Subhasish M. Chowdhury

Conflicts are a ubiquitous part of our life. One of the main reasons behind the initiation and escalation of conflict is the identity, or the sense of self, of the engaged parties. It is hence not surprising that there is a consistent area of academic literature that focuses on identity, conflict, and their interaction. This area models conflicts as contests and focuses on the theoretical, experimental, and empirical literature from economics, political science, and psychology. The theoretical literature investigates the behavioral aspects—such as preference and beliefs—to explain the reasons for and the effects of identity on human behavior. The theoretical literature also analyzes issues such as identity-dependent externality, endogenous choice of joining a group, and so on. The applied literature consists of laboratory and field experiments as well as empirical studies from the field. The experimental studies find that the salience of an identity can increase conflict in a field setting. Laboratory experiments show that whereas real identity indeed increases conflict, a mere classification does not do so. It is also observed that priming a majority–minority identity affects the conflict behavior of the majority, but not of the minority.

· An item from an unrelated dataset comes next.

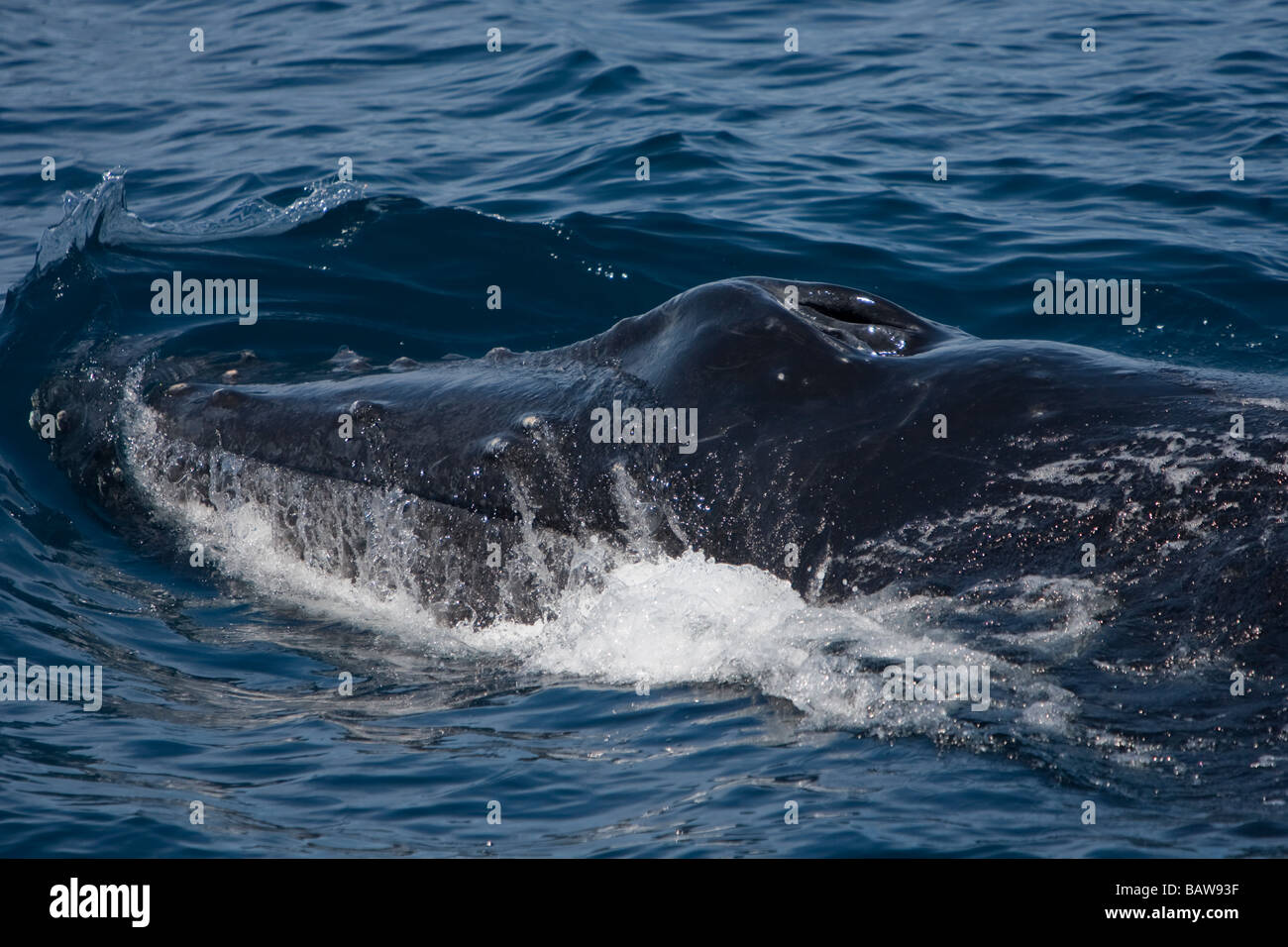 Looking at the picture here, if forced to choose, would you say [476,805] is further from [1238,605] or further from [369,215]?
[369,215]

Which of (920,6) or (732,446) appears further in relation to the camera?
(920,6)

Further investigations explain these results in terms of parochial altruism. The empirical literature in this area focuses on the various measures of identity, identity distribution, and other economic variables on conflict behavior. Religious polarization can explain conflict behavior better than linguistic differences. Moreover, polarization is a more significant determinants of conflict when the winners of the conflict enjoy a public good reward; but fractionalization is a better determinant when the winners enjoy a private good reward. As a whole, this area of literature is still emerging, and the theoretical literature can be extended to various avenues such as sabotage, affirmative action, intra-group conflict, and endogenous group formation. For empirical and experimental research, exploring new conflict resolution mechanisms, endogeneity between identity and conflict, and evaluating biological mechanisms for identity-related conflict will be of interest.